En ik ben al blij als ik weer in jeansmaat 30 pas,nu ist 31...grr!
Maar als ik weer een 29 aan kan,des te beter  :Wink: 

We gaan met mate genieten van de feestdagen...niet teveel en niet te weinig  :Wink: !!
Fijne dagen liefs Ag Xx

----------


## Agnes574

En...hoe zijn de feestdagen verlopen?
Is iedereen hier aangekomen of valt het allemaal wel mee?
Ik heb me niet al te best gevoeld tijdens de feestdagen,dus dat is een beetje mijn 'geluk' geweest...zo heb ik me niet kunnen laten gaan met al dat lekkers  :Wink: ,maar toch doe je maar weinig tijdens die dagen is mijn ervaring en daardoor kom je toch wat aan helaas...

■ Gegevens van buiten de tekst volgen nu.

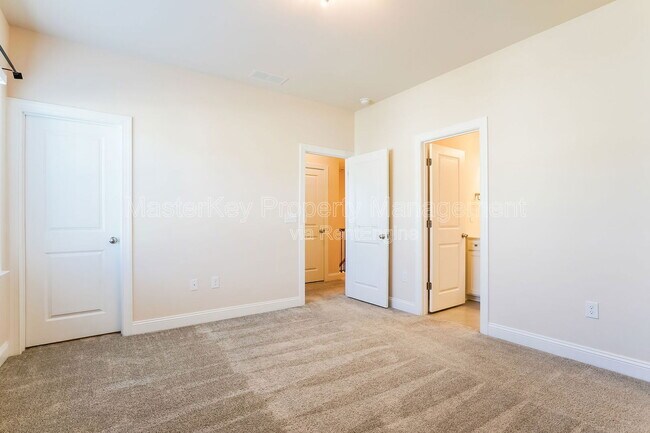 Building Photo - 616 Mount Blanc Way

Maar,nu is het weer januari en kunnen we weer werken aan onze doelen,nietwaar?

Wat denken jullie?

Liefs Ag Xx

----------


## kontessa

> hallo 
> ik ben een meid van 18 jaar 1.67 lang en weeg nu 71 kilo en ben sinds januari 2007 bezig met afvallen door middel van veel sporten en minder eten ben nu 17 kilo kwijt ik vind mezelf voor mijn lengte nog veel te zwaar ik ben op zoek naar mensen die een beetje in dezelfde soort situatie zitten om elkaar te steunen. leeftijd is onbelangrijk!! ook maakt je geslacht me niks uit!! 
> als je hier niet wil reageren mag je me ook mailen:
> [email protected]
> 
> groetjes Lenaa



Beste Lenaa,

Geweldig dat je al 17 kilo bent afgevallen, ik was er alreeds 13 kwijt en door niet oplettendheid alreeds weer 6 kilo zwaarder geworden.

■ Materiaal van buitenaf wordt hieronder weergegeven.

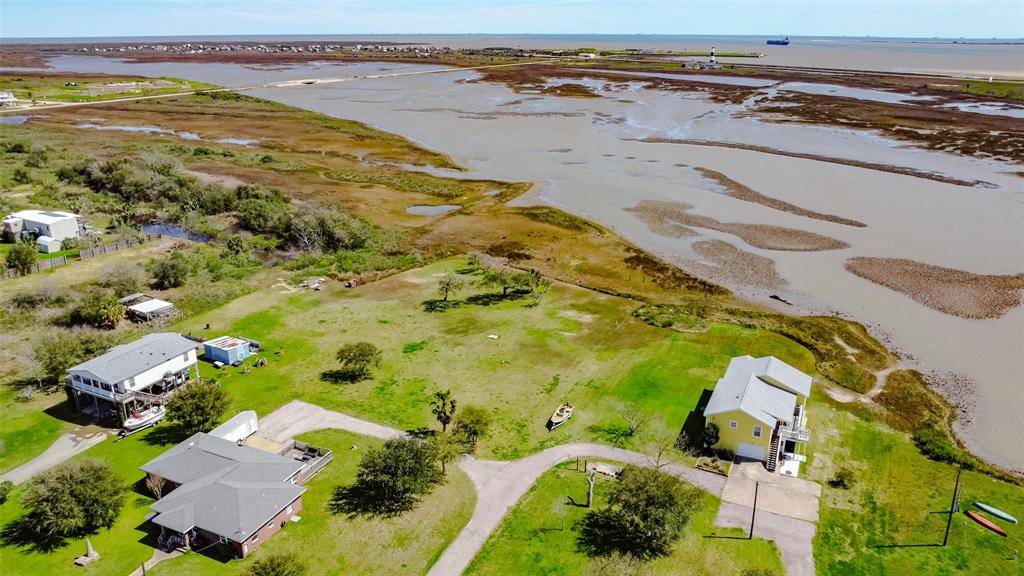 0 Overton AVE, Port Bolivar, TX 77650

Weinig eten is niet de oplossing want ook daar kan je zelfs dik door worden. Sporten en jezelf afbeulen is ook niet vol te houden, het is een zaak van discipline en calorieen die op de verpakking van de geconsumeerde artikelen staat.
Als je een kroket eet en weet dat je daar enkele uren voor moet trainen om dit te verbranden, smaakt die als je wilt afvallen stukken minder.

Heel belangrijk is drink per dag 6 glazen water en loop minimaal 30 minuten per dag.
Eet geen zoete en vette troep en kies bewust en kies voor gezond en gevarieerd... Dat ben ik nu zelf ook weer gaan doen en heb genoten van de feestdagen, ik voel me stukken beter bij de juiste discipline te volgen van de geconsumeerde etenswaren.. en ben je op het gewenste gewicht dan mag je best eens iets lekkers nemen en je zal zien dat ook je smaak duidelijk zal veranderen en de dingen die je eerst lekker vond je nu minder zullen smaken omdat je smaak zich duidelijk zal gaan spitsen op de zuiverheid van produkten en smaakstoffen en alle andere troep zal je beter gaan herkennen en afwijzen te gebruiken.
Veel succes en als je meer hulp nodig heb laat het even weten, ik heb de formule van je geschetste probleem.

Groetjes en veel succes,

Kontessa :Smile:

----------